**GIVEN INFORMATION**:
━━━━━━━━━━━━━━━━━━━━

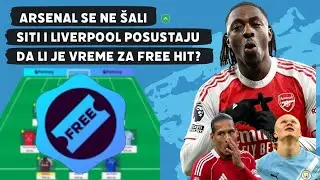 FPLCAST | Epizoda 58 &ndash;  Da li je vreme za Free Hit? 🃏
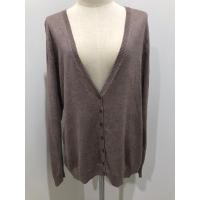 ราคา เสื้อไหมพรมแขนยาว สีน้ำตาลเข้ม ป้าย OLD NAVY (23058169796)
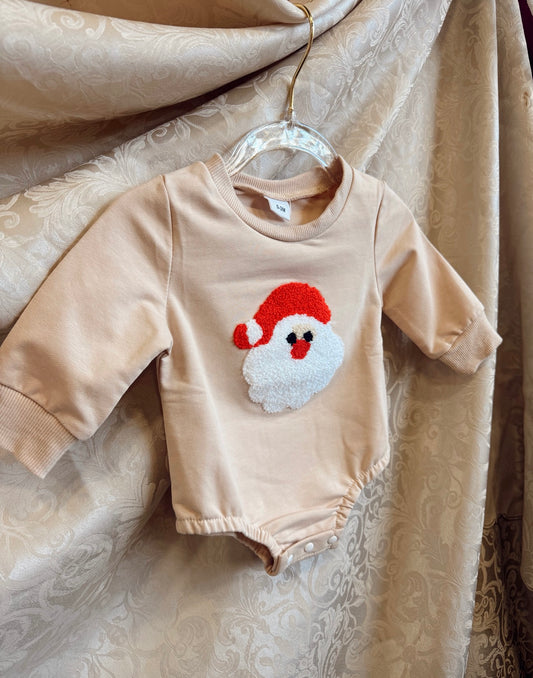 Santa Onesie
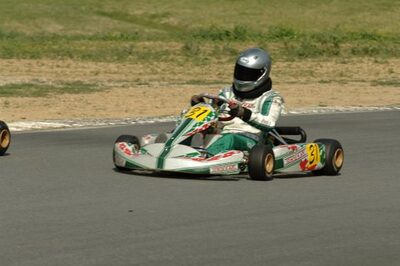 11/05/2008 : 3ème manche du Championnat Régional Aquitain à Layrac (Photos Patrick Lascombes) 2008 — karting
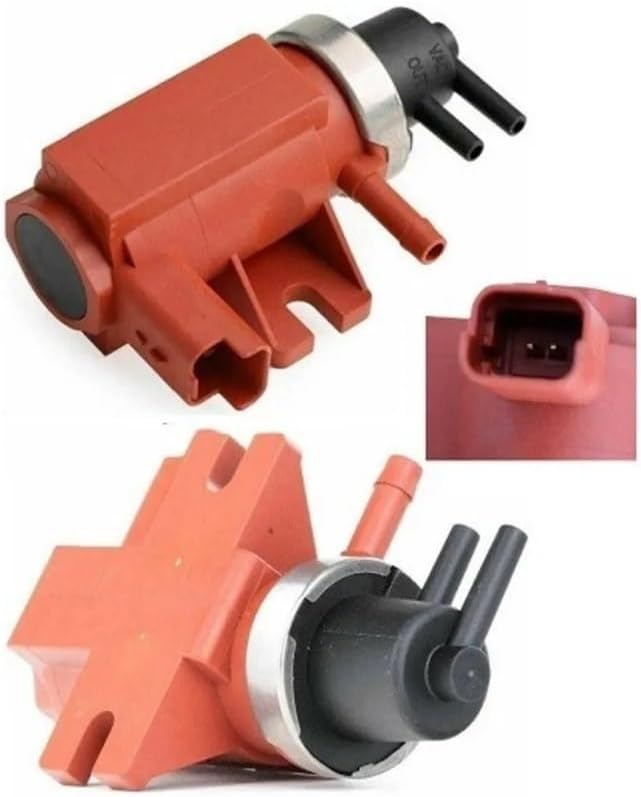 Carbon Fiber Spark Plug Cover, S40/V50, C30/C70 - ViVA Performance 1305301 Volv C30 S40 V70 Citro C4 Peuge 307 2004-2007 ターボブースト圧ソレノイ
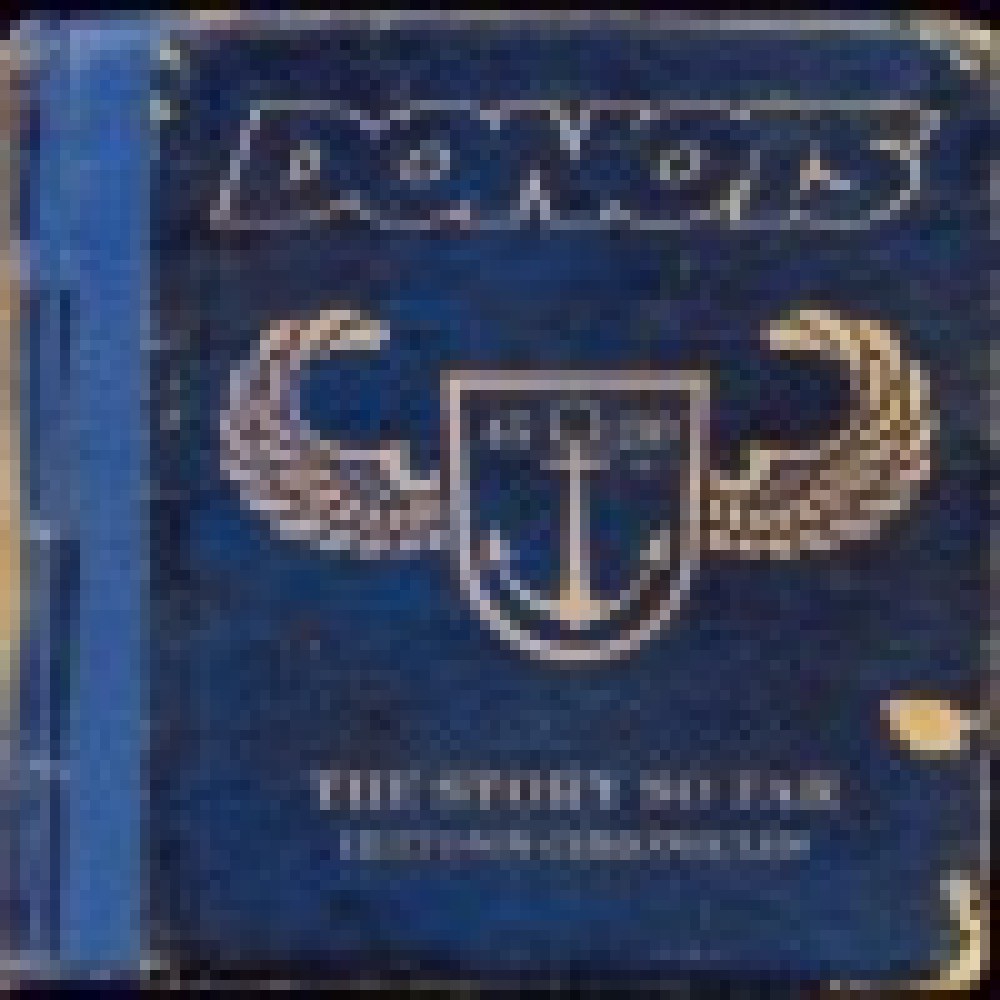 Donots - The Story So Far - Ibbtown Chronicles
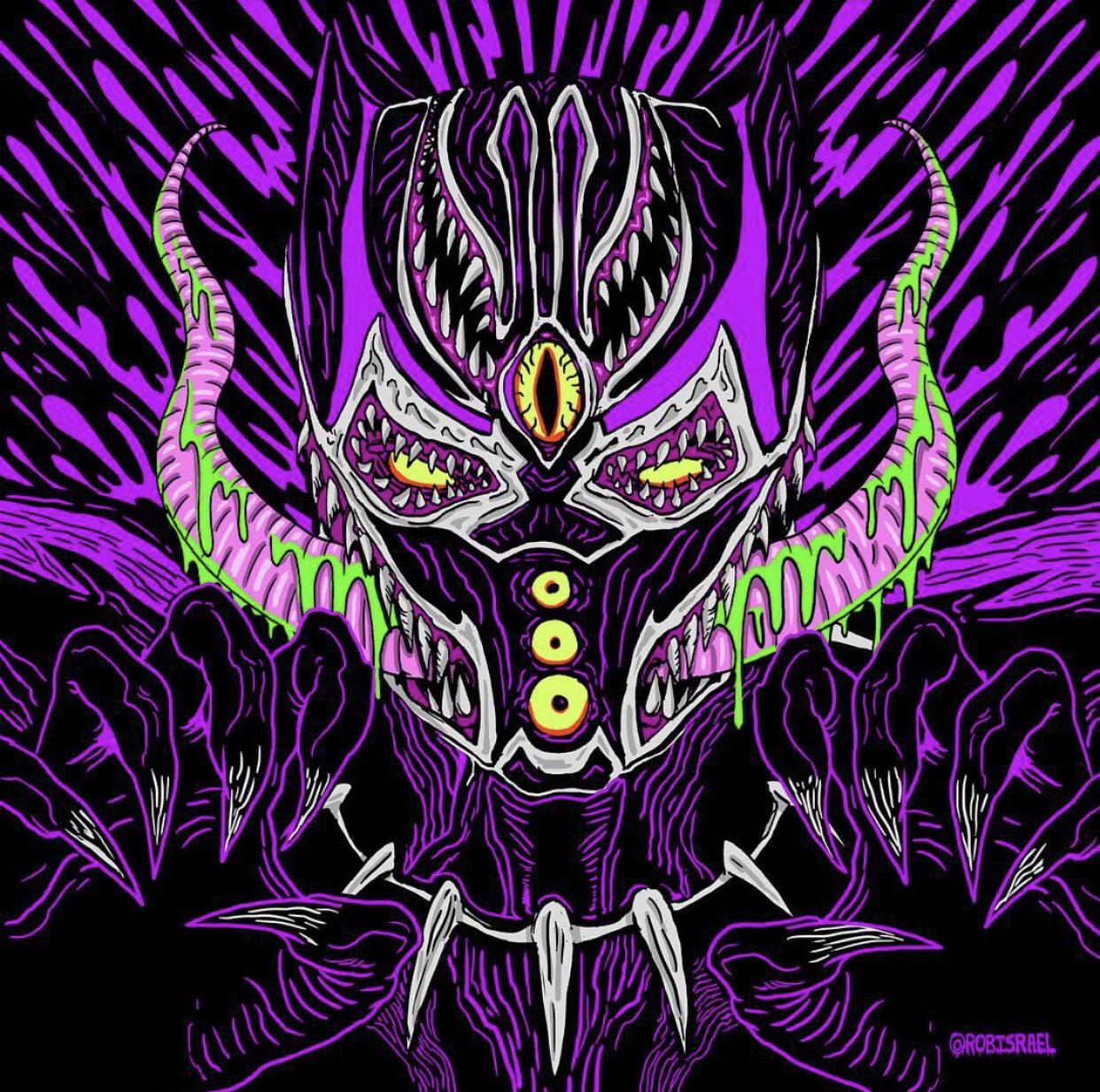 Black Panther RIP Wallpapers Wallpaper Cave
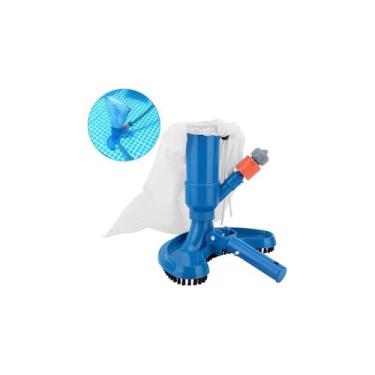 Imagem de Aspirador de pó para limpeza de piscina Brush Head Suction - Lightbek 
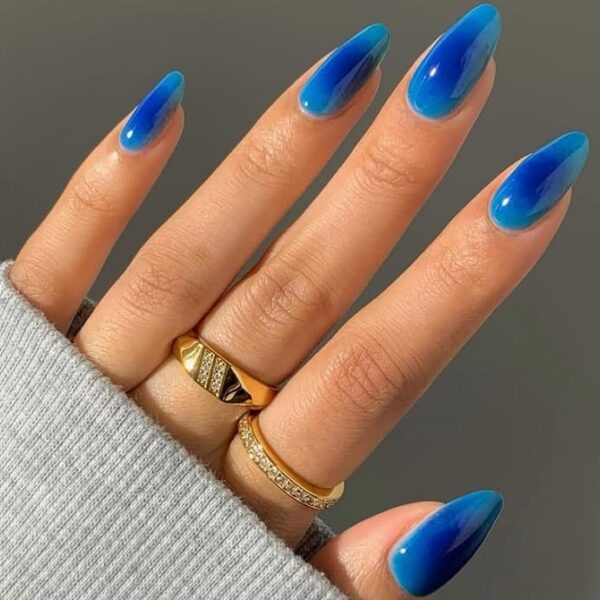 Gel manicure - Fashion Police Nigeria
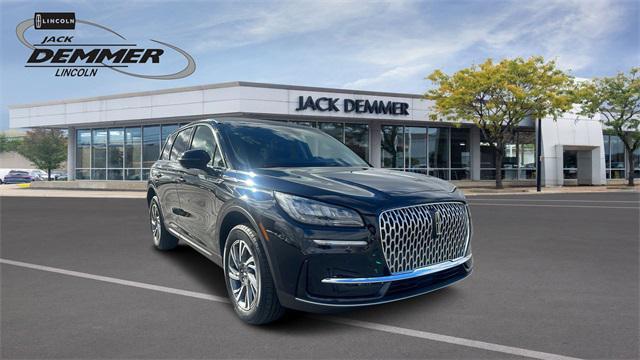 2023 lincoln corsair standard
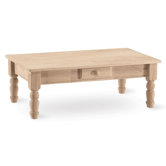 International Concepts Coffee & Cocktail Tables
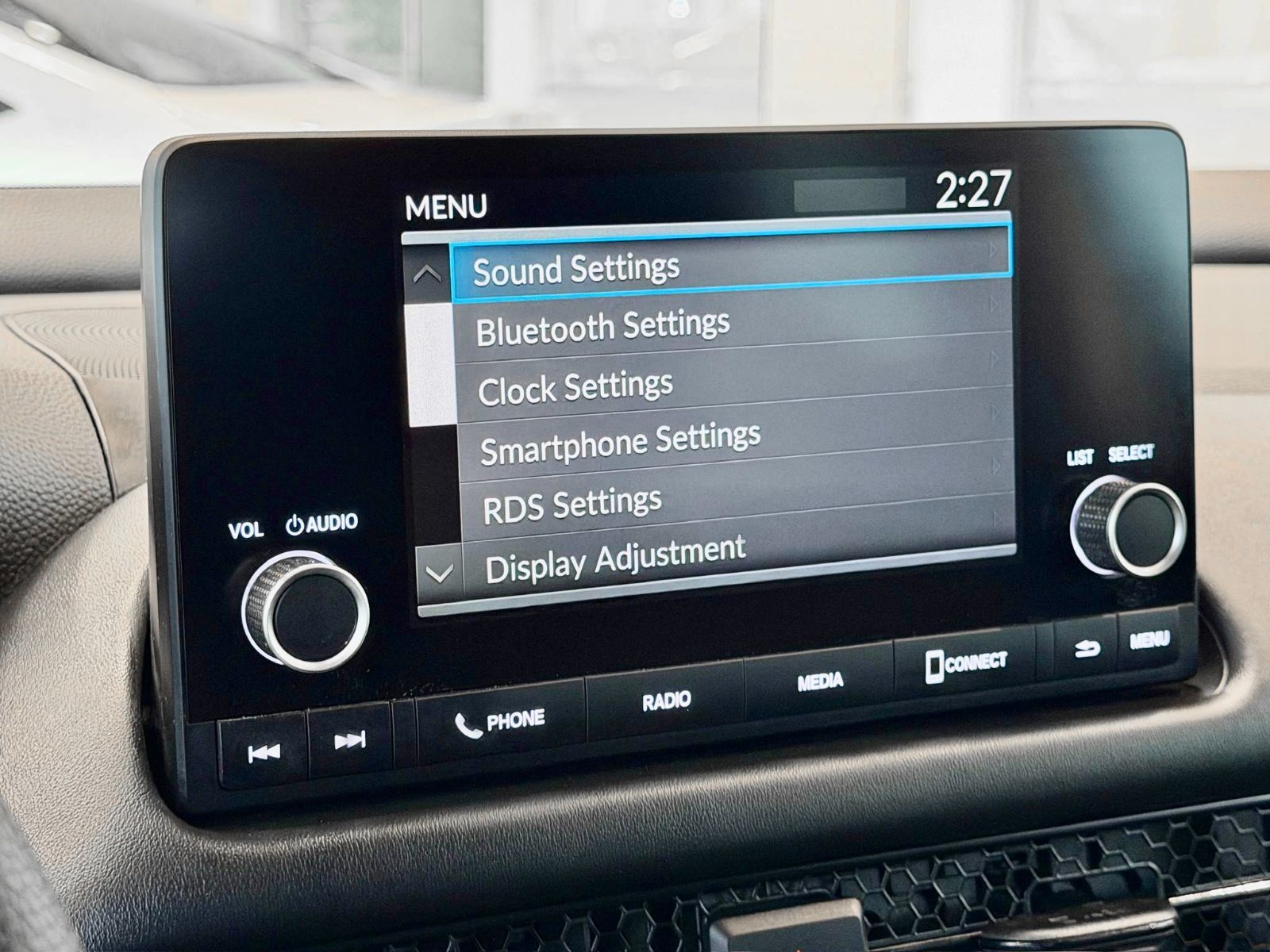 Honda HR-V LX 2023-28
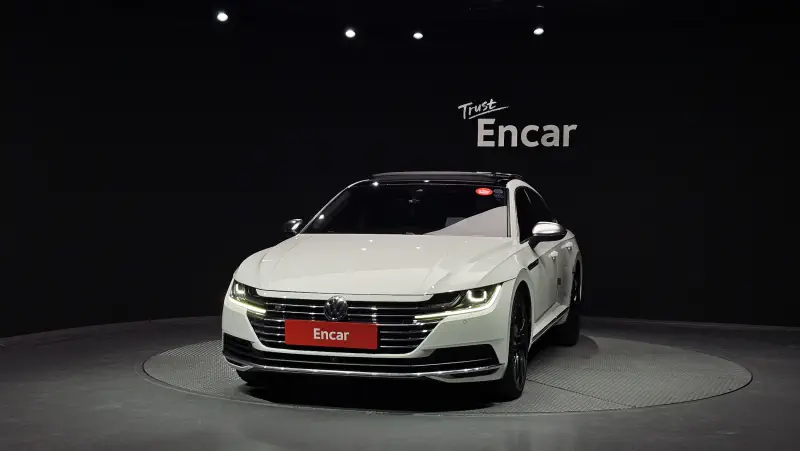 Volkswagen Arteon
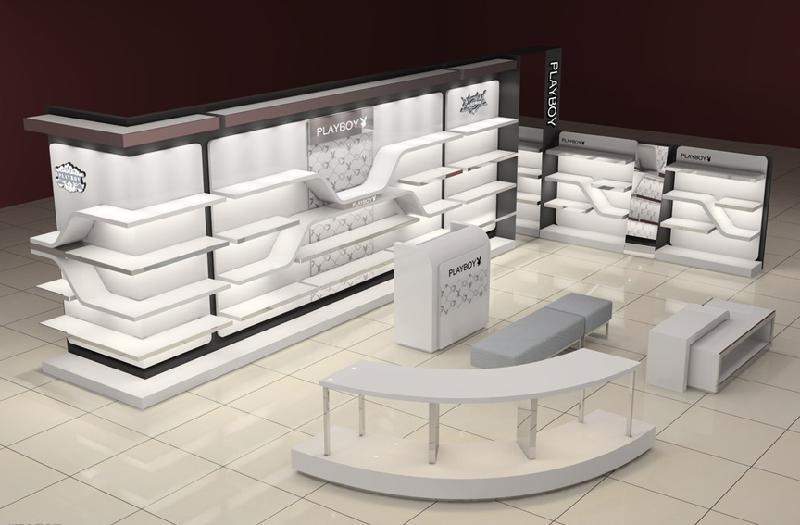 森濤亞克力展示架生產廠家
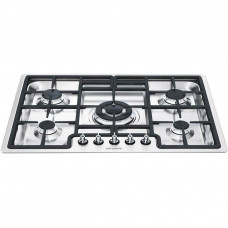 Варильна поверхня газова SMEG PGF75-4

━━━━━━━━━━━━━━━━━━━━

**AIM OF THE EXERCISE**: From the line that contains "International Concepts Coffee" down to the last line of the material above, every line must be repeated exactly, with pictures removed and both end lines included.

**THE ANSWER**:
 International Concepts Coffee & Cocktail Tables
 Honda HR-V LX 2023-28
 Volkswagen Arteon
 森濤亞克力展示架生產廠家
 Варильна поверхня газова SMEG PGF75-4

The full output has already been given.